The entries are to be reproduced word for word, with all images left out.

> [Records for this exercise]
··········

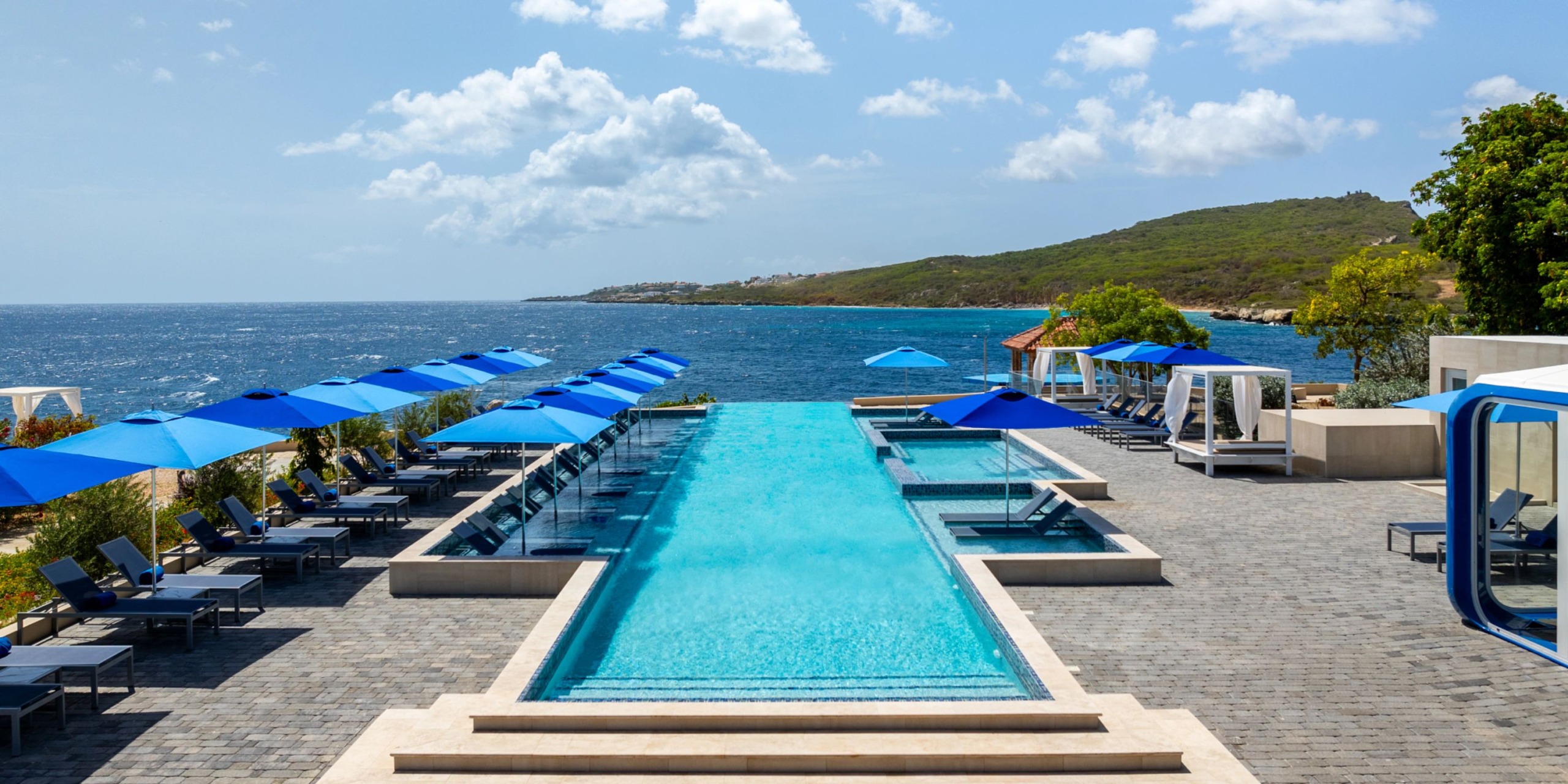 The Dreams Curacao offers an infinity pool with blue umbrellas and lounge chairs that provide stunning views of the ocean, surrounded by lush greenery and rolling hills.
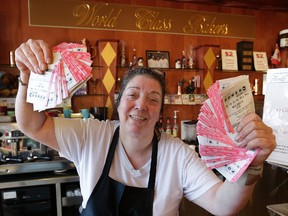Lisa Guluzian, owner of World Class Bakers, who is giving away Powerball tickets if you buy $20 worth of baking at her store, is seen Monday, January 11, 2016. (Craig Robertson/Toronto Sun)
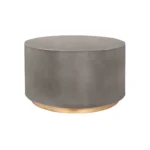 Goldoma 28 inch gray and brass oval coffee table with concrete top in a modern living room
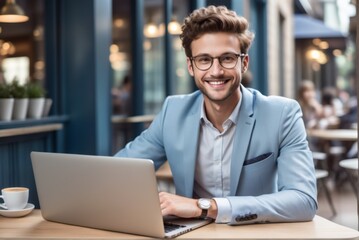 Fototapeta premium Young young smiling young man sitting wooden table laptop front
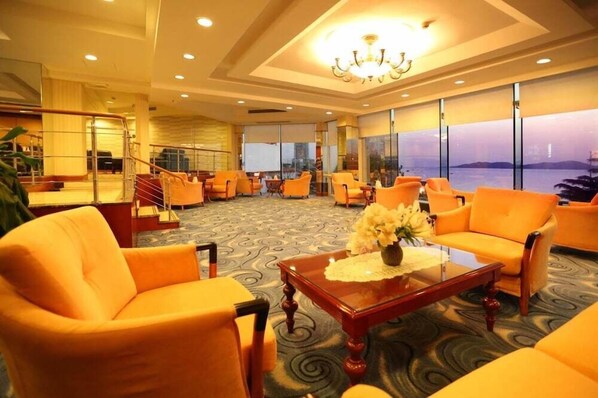 A hotel lobby with orange seating, a chandelier, and large windows overlooking a body of water. - Qingdao Huiquan Dynasty Hotel (QINGDAO)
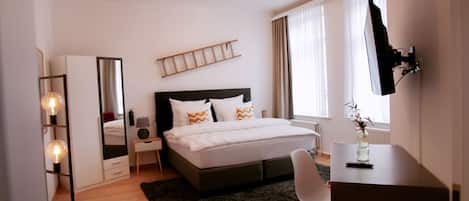 Un dormitorio moderno con una cama grande, mesitas de noche, un escritorio y un televisor montado en la pared.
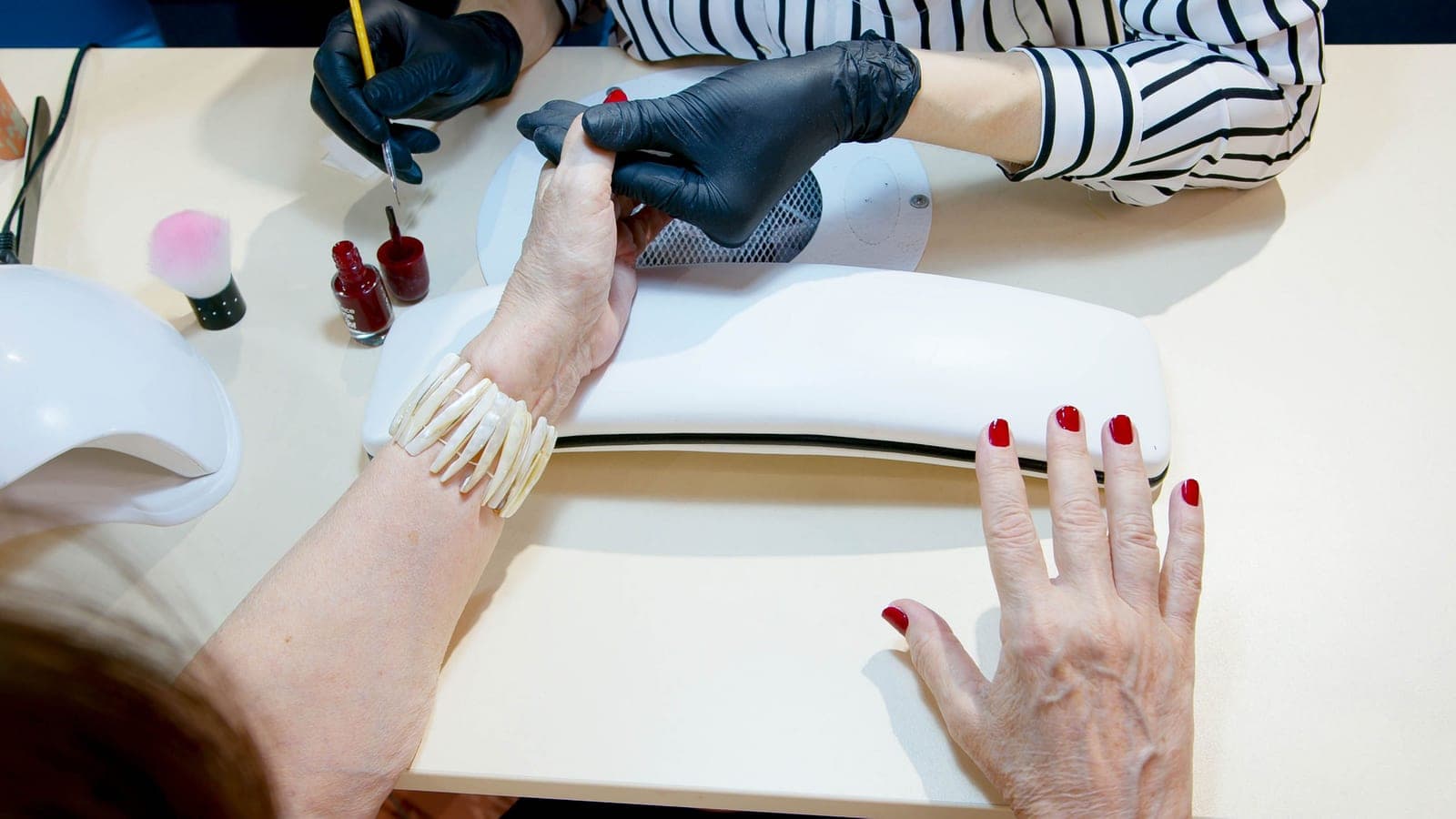 Gel polish being applied to a fingernail with a brush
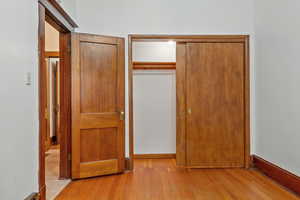 Unfurnished bedroom with light wood-type flooring and a closet
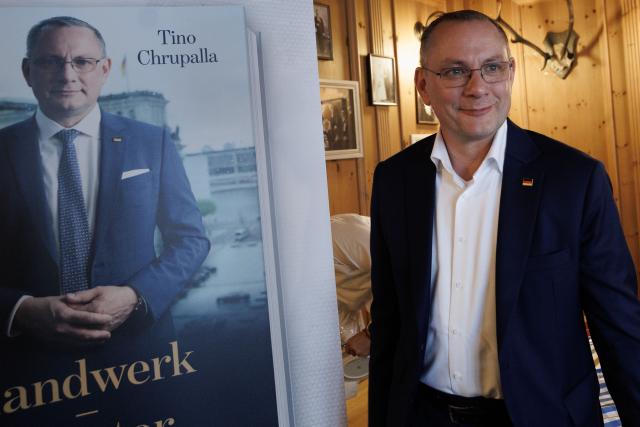 07 July 2026, Berlin: Federal chairman and parliamentary group leader of the Alternative for Germany (AfD) Tino Chrupalla stands next to the poster for his book during the launch of his book "Handwerk - Meister - Politik" at the "Augustiner" restaurant on Gendarmenmarkt. Photo: Carsten Koall/dpa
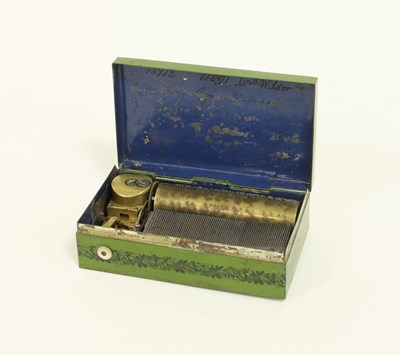 Lot 629 - A 19th Century Swiss music box, the movement...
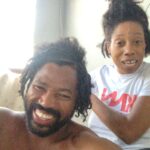 A smiling man with dreadlocks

··········

> [Written answer]
 The Dreams Curacao offers an infinity pool with blue umbrellas and lounge chairs that provide stunning views of the ocean, surrounded by lush greenery and rolling hills.
Lisa Guluzian, owner of World Class Bakers, who is giving away Powerball tickets if you buy $20 worth of baking at her store, is seen Monday, January 11, 2016. (Craig Robertson/Toronto Sun)
 Goldoma 28 inch gray and brass oval coffee table with concrete top in a modern living room
 Fototapeta premium Young young smiling young man sitting wooden table laptop front
 A hotel lobby with orange seating, a chandelier, and large windows overlooking a body of water. - Qingdao Huiquan Dynasty Hotel (QINGDAO)
 Un dormitorio moderno con una cama grande, mesitas de noche, un escritorio y un televisor montado en la pared.
 Gel polish being applied to a fingernail with a brush
 Unfurnished bedroom with light wood-type flooring and a closet
 07 July 2026, Berlin: Federal chairman and parliamentary group leader of the Alternative for Germany (AfD) Tino Chrupalla stands next to the poster for his book during the launch of his book "Handwerk - Meister - Politik" at the "Augustiner" restaurant on Gendarmenmarkt. Photo: Carsten Koall/dpa
 Lot 629 - A 19th Century Swiss music box, the movement...
 A smiling man with dreadlocks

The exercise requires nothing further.